Friday, May 29, 2009

Review: The Little Earth Book

I picked up The Little Earth Book by James Bruges as a bargain price title at Barnes and Noble a few weeks ago; it was a small book, I figured it might be a nice little time killer while waiting for appointments and before falling asleep.

The back cover is promising; it has bullet points stating, among other things:
  • If everyone lived as we do in the U.S., it would take four earths to support us
  • Three-fourths of all plant species have become extinct since 1900
  • The number of people living on two dollars a day in the world has risen by 50% in the last twenty years
  • Charging interest is a major contributor to inequity among nations and billions of people
  • Genetically modified crops have farmers using more herbicides and pesticides, not less
The chapters are small and flow rather well as segues into the next topic.

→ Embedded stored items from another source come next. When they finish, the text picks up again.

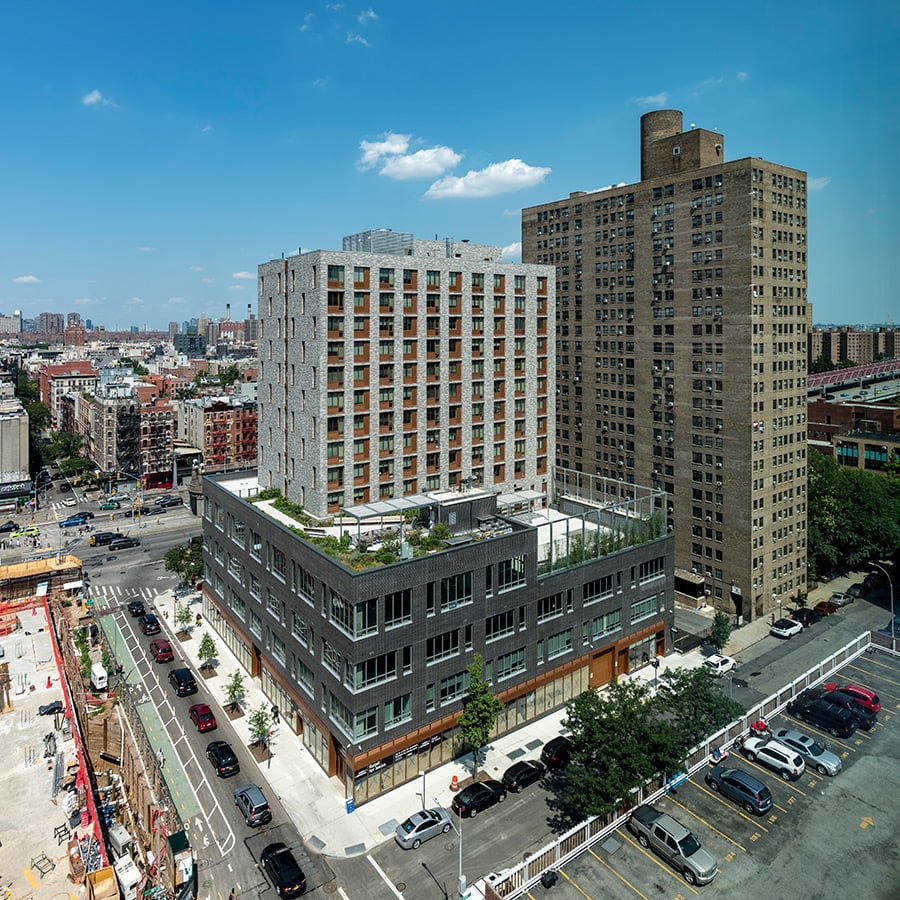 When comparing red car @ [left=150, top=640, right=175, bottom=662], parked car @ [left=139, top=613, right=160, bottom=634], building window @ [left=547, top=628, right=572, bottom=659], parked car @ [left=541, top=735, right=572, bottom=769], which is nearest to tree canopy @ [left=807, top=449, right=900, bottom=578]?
building window @ [left=547, top=628, right=572, bottom=659]

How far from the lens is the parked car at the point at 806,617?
218ft

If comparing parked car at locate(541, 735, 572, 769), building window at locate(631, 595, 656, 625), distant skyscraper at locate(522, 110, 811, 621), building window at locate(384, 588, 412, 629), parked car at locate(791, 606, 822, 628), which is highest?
distant skyscraper at locate(522, 110, 811, 621)

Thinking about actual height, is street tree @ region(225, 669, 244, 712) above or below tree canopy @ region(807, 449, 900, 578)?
below

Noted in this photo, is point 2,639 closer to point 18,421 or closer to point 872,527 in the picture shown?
point 18,421

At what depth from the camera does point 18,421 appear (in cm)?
13575

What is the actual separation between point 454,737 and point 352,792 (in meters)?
7.98

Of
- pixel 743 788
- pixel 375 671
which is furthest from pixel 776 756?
pixel 375 671

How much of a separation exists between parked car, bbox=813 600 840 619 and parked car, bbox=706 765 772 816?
37394 millimetres

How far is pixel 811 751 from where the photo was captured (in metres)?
38.8

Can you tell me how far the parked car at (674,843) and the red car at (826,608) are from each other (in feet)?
143

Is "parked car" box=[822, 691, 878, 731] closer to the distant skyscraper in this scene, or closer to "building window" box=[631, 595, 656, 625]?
"building window" box=[631, 595, 656, 625]

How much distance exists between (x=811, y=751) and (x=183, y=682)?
46697 mm

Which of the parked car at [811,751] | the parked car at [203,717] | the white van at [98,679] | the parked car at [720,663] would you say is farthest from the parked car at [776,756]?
the white van at [98,679]

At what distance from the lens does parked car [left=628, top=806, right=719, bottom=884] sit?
1205 inches
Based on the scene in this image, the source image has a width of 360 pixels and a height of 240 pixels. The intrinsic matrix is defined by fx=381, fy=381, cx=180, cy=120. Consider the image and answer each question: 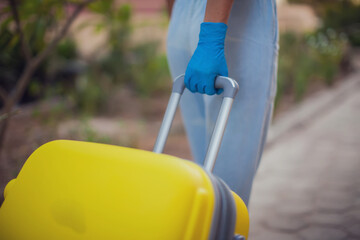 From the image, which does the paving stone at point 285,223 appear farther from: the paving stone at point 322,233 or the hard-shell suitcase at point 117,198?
the hard-shell suitcase at point 117,198

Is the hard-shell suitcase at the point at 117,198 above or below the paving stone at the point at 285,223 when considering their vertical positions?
above

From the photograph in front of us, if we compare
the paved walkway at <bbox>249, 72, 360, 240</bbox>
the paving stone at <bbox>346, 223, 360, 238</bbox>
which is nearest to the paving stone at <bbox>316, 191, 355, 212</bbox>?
the paved walkway at <bbox>249, 72, 360, 240</bbox>

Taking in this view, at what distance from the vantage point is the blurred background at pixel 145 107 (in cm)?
234

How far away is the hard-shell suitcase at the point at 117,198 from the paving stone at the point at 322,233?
A: 3.94 feet

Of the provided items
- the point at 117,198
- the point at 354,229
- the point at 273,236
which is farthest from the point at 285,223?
the point at 117,198

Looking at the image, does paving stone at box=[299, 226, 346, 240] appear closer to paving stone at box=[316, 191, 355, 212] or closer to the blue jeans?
paving stone at box=[316, 191, 355, 212]

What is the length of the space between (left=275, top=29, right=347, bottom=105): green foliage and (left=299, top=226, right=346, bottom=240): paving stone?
10.8 ft

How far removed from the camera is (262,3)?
4.40ft

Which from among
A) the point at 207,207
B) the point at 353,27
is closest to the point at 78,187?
the point at 207,207

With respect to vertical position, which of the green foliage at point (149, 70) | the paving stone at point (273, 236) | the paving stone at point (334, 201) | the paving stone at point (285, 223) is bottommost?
the green foliage at point (149, 70)

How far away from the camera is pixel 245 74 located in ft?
4.45

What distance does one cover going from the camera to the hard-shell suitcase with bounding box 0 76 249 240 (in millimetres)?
873

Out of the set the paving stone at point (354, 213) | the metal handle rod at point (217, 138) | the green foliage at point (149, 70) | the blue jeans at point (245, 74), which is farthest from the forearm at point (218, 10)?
the green foliage at point (149, 70)

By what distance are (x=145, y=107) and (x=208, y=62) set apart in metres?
4.13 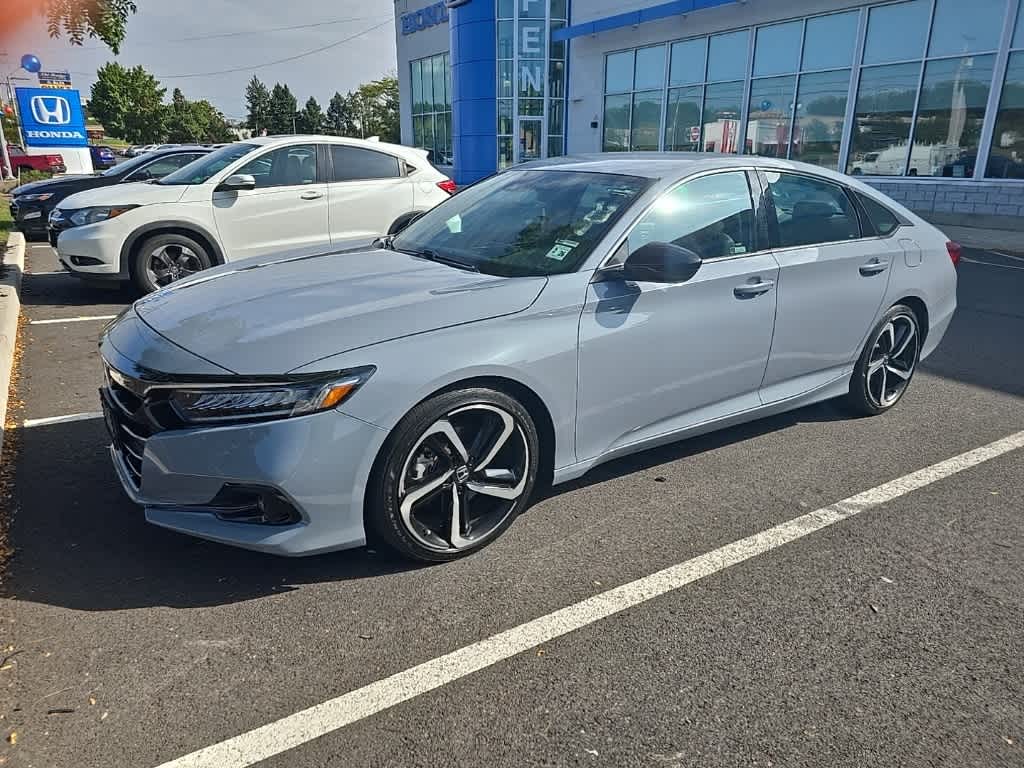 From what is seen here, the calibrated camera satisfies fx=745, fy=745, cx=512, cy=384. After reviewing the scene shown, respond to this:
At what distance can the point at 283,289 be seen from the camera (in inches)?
130

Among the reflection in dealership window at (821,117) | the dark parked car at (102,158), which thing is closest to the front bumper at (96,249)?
the reflection in dealership window at (821,117)

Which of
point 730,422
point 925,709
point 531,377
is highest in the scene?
point 531,377

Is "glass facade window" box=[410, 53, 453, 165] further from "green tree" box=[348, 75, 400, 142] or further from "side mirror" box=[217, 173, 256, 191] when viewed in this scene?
"green tree" box=[348, 75, 400, 142]

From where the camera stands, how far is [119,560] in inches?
123

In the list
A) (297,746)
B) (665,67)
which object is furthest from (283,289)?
(665,67)

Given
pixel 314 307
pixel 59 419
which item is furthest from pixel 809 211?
pixel 59 419

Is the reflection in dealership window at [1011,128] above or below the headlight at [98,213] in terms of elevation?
above

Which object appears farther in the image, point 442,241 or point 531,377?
point 442,241

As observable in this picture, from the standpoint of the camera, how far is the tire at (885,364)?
471 cm

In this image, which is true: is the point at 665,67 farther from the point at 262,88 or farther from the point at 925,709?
the point at 262,88

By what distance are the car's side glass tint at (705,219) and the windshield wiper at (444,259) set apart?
76 centimetres

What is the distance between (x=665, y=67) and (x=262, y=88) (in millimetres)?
110129

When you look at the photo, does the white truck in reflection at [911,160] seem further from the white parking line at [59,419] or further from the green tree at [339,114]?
the green tree at [339,114]

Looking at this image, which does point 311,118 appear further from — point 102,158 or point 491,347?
point 491,347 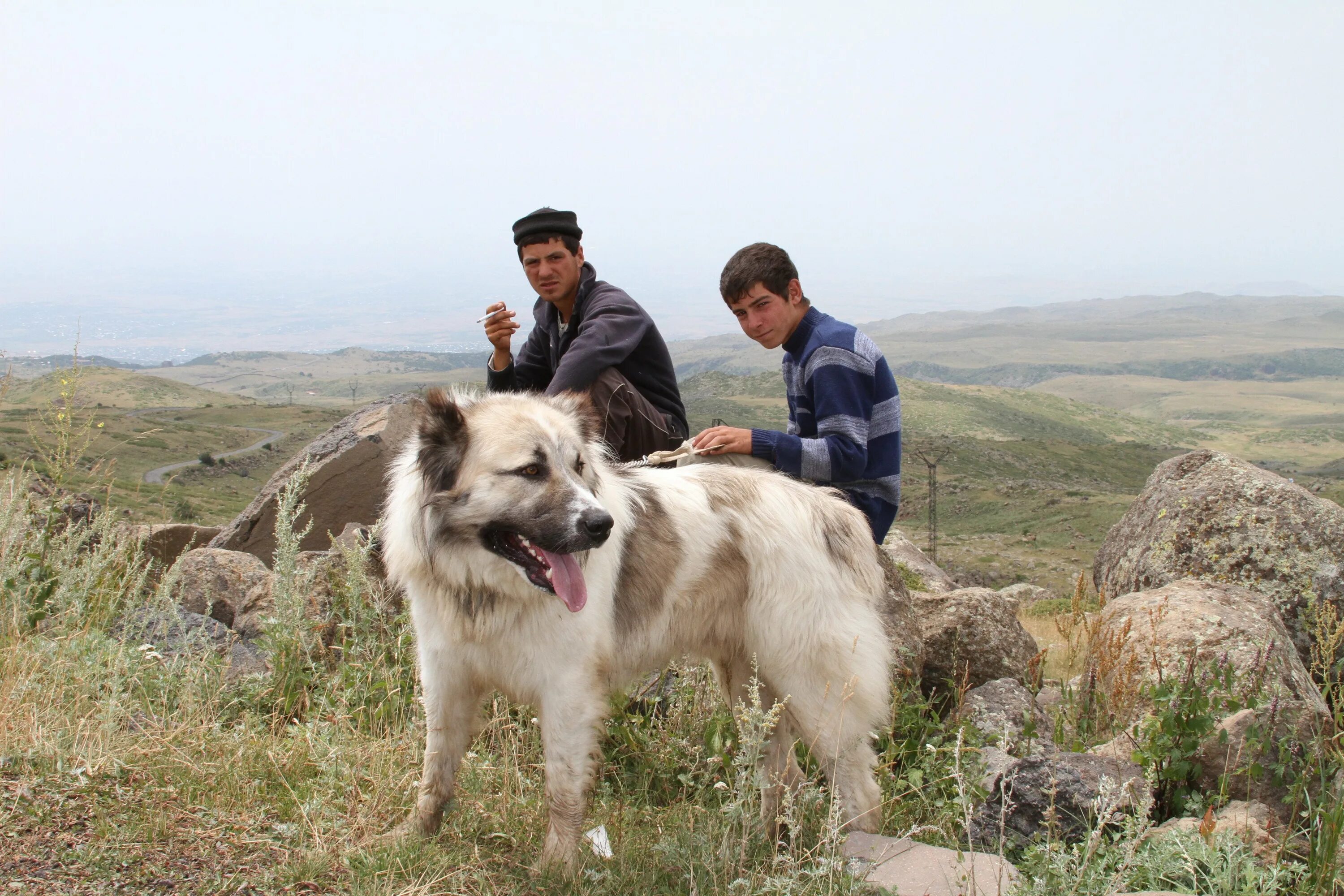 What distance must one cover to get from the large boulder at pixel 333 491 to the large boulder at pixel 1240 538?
252 inches

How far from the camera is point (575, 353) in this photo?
514 cm

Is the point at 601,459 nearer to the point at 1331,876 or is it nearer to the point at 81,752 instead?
the point at 81,752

Though interesting, every time I stop to think for a few moments about a point the chapters are trying to make I mentally stumble. The information slams you like a street preacher telling you every reason you're going to purgatory, or in this case an armchair activist telling you about all the ways the government and big pharma are trying to pull the wool over your eyes and destroy not just America but the whole planet.

Take this from the chapter "Making New Plants: improving on Creation":
"GM (Genetically Modified) foods have been consumed for seven years without harm, they say. But during this period food-derived illnesses have doubled. In California the number of children with autism has doubled in the last four years. The sperm count of men is steadily reducing. Allergies have greatly increased. But no one knows if this is consequence or coincidence because no monitoring of the long-term clinical or biochemical effects of GM has been done."

None of that has scientific proof of causality; it's speculation. But it throws in a lot of scary effects that maybe coulda sorta be contributed to or caused by this scary thing called "genetically modified food"...it's an abomination (improves on CREATION! Man tinkering with power we shouldn't be encroaching upon!) and so this is why you must be afraid.

The book runs the gamut of social, political, and economic woes and how these faceless corrupt politicians and corporations seem largely to blame. There's a lot of fascinating information, but in the end I find the book to be a bit like watching an accident...I'm drawn back to reading more chapters, slowly, but then toss it aside because I get fed up with the one-sided bias that gives me the impression it's trying harder to make me afraid to leave my house than educate me about a problem and the possible solutions.

I think this book is one of the great preaching-to-the-choir books. If you have a friend that likes telling you how natural foods will cleanse your colon and herbs are far superior to prescriptions because big pharma is out there spreading lies about their antibiotics (plus they will eventually lead to superbugs that will wipe out all of humanity then this could be a nice gift for them. If you're mildly curious about various planet wide ills and issues, this is a nice starting point from which to start researching some information...but I think you definitely need to pull from other sources to get a less biased and more rounded perspective on the problems than this book presents.